*Work task*: Give back, unchanged, each line from the one containing "[Blue Lock] Puzzle" through the last line of the entries below.

(Scraped caption text data)

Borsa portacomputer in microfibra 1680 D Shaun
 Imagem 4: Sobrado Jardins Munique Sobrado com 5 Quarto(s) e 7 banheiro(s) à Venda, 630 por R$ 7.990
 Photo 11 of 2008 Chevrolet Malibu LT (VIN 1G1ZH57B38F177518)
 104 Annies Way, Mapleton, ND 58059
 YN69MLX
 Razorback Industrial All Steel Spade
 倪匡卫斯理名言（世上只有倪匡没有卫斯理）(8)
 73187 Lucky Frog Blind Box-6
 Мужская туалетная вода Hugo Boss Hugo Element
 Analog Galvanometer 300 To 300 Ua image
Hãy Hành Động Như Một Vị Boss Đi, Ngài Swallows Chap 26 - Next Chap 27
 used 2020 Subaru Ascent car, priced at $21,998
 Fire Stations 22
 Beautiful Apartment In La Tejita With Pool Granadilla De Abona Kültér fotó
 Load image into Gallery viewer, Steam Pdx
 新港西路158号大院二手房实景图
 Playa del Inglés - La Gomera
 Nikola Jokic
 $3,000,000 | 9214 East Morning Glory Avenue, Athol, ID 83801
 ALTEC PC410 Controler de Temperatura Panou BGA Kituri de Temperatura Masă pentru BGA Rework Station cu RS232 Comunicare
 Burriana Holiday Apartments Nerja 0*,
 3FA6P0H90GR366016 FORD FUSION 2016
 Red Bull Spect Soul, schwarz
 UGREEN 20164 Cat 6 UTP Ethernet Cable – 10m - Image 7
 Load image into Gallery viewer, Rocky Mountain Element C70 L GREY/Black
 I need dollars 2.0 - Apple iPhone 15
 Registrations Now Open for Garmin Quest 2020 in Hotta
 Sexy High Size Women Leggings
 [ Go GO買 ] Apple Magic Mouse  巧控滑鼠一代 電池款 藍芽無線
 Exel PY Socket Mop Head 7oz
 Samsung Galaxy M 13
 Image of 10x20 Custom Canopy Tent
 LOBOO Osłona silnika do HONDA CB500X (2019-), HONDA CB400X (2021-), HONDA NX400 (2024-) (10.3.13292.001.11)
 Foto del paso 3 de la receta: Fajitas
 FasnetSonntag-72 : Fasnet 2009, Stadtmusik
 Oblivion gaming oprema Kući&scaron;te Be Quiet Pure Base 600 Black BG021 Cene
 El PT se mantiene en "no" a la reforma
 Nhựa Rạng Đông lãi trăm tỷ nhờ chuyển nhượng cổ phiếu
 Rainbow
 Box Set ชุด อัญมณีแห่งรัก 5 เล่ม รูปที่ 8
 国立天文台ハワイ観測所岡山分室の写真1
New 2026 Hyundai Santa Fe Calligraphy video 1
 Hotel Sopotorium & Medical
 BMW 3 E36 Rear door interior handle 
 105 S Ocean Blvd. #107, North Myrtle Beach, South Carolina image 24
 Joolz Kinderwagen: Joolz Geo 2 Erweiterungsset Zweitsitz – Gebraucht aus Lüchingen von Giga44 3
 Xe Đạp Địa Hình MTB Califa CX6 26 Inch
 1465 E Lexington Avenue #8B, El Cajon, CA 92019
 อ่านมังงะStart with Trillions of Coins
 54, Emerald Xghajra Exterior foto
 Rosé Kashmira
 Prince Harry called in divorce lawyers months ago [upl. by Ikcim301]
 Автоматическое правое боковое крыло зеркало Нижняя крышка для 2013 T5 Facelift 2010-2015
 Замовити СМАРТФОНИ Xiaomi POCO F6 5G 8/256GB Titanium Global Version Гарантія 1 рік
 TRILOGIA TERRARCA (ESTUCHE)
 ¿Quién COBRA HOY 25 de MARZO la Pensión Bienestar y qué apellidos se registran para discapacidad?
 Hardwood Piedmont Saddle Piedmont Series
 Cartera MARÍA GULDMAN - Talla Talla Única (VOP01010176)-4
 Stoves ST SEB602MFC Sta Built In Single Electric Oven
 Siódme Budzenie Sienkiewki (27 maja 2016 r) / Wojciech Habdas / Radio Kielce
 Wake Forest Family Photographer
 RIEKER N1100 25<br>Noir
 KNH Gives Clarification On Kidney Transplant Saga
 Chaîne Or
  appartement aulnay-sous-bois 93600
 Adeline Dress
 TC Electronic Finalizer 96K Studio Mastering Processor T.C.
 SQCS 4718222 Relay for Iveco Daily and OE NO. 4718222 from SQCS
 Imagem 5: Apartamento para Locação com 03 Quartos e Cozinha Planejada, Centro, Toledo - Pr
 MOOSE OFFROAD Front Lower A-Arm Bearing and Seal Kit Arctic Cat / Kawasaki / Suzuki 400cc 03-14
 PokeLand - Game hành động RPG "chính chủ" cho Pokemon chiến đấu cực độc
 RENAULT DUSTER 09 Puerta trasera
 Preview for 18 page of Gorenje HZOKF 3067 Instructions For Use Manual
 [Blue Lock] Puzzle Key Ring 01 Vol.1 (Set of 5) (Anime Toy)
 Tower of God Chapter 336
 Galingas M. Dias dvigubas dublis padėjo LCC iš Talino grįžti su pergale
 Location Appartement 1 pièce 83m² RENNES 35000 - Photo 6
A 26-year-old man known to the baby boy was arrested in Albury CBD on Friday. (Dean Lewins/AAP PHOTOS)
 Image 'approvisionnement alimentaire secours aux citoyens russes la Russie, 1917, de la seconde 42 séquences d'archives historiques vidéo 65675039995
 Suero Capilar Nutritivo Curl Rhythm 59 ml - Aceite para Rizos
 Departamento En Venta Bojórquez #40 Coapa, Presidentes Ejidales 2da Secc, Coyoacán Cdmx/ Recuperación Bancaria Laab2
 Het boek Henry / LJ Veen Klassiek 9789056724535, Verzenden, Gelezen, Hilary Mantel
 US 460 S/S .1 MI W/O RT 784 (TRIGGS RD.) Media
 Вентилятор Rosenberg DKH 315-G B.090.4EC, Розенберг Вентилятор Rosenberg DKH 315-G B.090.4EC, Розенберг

*Exercise solution*:
 [Blue Lock] Puzzle Key Ring 01 Vol.1 (Set of 5) (Anime Toy)
 Tower of God Chapter 336
 Galingas M. Dias dvigubas dublis padėjo LCC iš Talino grįžti su pergale
 Location Appartement 1 pièce 83m² RENNES 35000 - Photo 6
A 26-year-old man known to the baby boy was arrested in Albury CBD on Friday. (Dean Lewins/AAP PHOTOS)
 Image 'approvisionnement alimentaire secours aux citoyens russes la Russie, 1917, de la seconde 42 séquences d'archives historiques vidéo 65675039995
 Suero Capilar Nutritivo Curl Rhythm 59 ml - Aceite para Rizos
 Departamento En Venta Bojórquez #40 Coapa, Presidentes Ejidales 2da Secc, Coyoacán Cdmx/ Recuperación Bancaria Laab2
 Het boek Henry / LJ Veen Klassiek 9789056724535, Verzenden, Gelezen, Hilary Mantel
 US 460 S/S .1 MI W/O RT 784 (TRIGGS RD.) Media
 Вентилятор Rosenberg DKH 315-G B.090.4EC, Розенберг Вентилятор Rosenberg DKH 315-G B.090.4EC, Розенберг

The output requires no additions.